Qu'il décide d'un champ opératoire plus restreint, sur le même sport-passion, ou qu'il y affûte sa focale en se concentrant sur un « après » des (dites) plus belles années, lorsque le corps n'est plus tout à fait à la même hauteur que ce dont se souvient pourtant bien l'esprit (on songera sans doute parfois alors, sur le terrain si voisin et si différent qu'est celui du football, à la belle nouvelle d'
Olivier Martinelli, « Les vétérans du Stade Balarucois », en 2012), et voici une infusion intense de quelque chose qui se refuse pourtant à se laisser appeler nostalgie – quelque chose d'à la fois plus fort et plus diffus : les trente-six nouvelles (comme autant de chandelles bien frappées, évidemment, diraient l'arrière ou l'ouvreur) de « le ciel a des jambes », publiées aux éditions du Volcan en août 2023.

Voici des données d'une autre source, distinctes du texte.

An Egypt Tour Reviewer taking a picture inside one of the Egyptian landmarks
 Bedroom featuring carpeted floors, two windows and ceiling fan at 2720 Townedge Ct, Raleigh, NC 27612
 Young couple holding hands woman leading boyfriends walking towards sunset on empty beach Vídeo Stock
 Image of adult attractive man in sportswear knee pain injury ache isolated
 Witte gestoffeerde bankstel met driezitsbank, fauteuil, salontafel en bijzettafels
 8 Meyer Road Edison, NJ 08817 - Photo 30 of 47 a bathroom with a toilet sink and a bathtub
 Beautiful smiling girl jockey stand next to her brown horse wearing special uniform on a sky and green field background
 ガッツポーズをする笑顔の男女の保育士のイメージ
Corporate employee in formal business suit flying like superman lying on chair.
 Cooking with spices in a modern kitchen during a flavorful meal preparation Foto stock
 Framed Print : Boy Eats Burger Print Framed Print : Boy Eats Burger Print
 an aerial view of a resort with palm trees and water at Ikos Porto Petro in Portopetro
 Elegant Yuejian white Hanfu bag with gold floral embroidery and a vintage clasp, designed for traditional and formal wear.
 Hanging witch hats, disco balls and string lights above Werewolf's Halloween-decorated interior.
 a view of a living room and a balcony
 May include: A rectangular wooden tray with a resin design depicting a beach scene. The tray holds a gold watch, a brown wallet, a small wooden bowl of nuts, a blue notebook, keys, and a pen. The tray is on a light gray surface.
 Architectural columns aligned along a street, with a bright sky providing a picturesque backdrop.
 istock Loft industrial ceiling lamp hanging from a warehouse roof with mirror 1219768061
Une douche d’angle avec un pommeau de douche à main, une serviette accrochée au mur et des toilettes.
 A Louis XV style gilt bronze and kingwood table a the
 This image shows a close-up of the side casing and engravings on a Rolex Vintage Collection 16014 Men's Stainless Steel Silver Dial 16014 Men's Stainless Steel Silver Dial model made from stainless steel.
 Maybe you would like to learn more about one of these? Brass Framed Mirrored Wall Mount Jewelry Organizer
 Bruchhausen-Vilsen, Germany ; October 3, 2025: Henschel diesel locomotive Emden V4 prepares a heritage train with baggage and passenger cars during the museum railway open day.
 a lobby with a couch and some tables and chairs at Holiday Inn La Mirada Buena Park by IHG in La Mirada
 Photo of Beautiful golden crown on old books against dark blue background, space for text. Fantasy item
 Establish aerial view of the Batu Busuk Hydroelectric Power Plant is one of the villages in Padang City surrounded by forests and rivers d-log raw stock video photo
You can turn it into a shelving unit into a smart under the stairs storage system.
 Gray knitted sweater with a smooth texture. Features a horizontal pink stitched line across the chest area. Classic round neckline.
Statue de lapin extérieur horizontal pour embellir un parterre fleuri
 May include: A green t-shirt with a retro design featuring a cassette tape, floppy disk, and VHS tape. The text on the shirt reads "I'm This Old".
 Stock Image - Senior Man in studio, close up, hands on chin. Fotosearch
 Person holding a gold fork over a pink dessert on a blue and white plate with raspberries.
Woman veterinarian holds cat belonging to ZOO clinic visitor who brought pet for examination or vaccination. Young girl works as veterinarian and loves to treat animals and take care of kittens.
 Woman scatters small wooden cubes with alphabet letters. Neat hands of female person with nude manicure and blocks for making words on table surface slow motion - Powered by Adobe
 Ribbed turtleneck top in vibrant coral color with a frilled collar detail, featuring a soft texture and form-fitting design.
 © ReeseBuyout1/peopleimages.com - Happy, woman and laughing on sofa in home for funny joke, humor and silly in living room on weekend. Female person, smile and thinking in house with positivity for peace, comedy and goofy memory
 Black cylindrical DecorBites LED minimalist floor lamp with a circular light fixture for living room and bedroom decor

Nous promenant des stades municipaux parfois devenus de fortune aux arrière-salles fiévreuses et plus vraiment taiseuses des troisièmes mi-temps, des souvenirs qu'il ne s'agit jamais de gâcher aux mémoires de jours enfuis et de personnes disparues (ou trop changées), des voyages en projection ou en réminiscence aux compositions qui ne doivent pas se faire compromissions, il y a ici à l'oeuvre tout un travail souterrain de définition de ce qui constitue, peut-être, une âme du rugby, à travers ce qu'elle dépose chez ses pratiquantes et pratiquants, longtemps après que le zénith de leur performance (quelle qu'elle ait pu être, alors) soit passé. Et la forme juste pour une telle entreprise est bien celle choisie ici par
Benoît Jeantet : non pas l'essai, non pas le récit factuel, mais bien la nouvelle acérée, en forme de rêverie argumentée et néanmoins toujours poétique. Et c'est ainsi que l'on se laisse gagner par un charme qui vaut largement celui des malices de ces trois-quarts qu'il sait si bien décrire et partager, en un sourire songeur.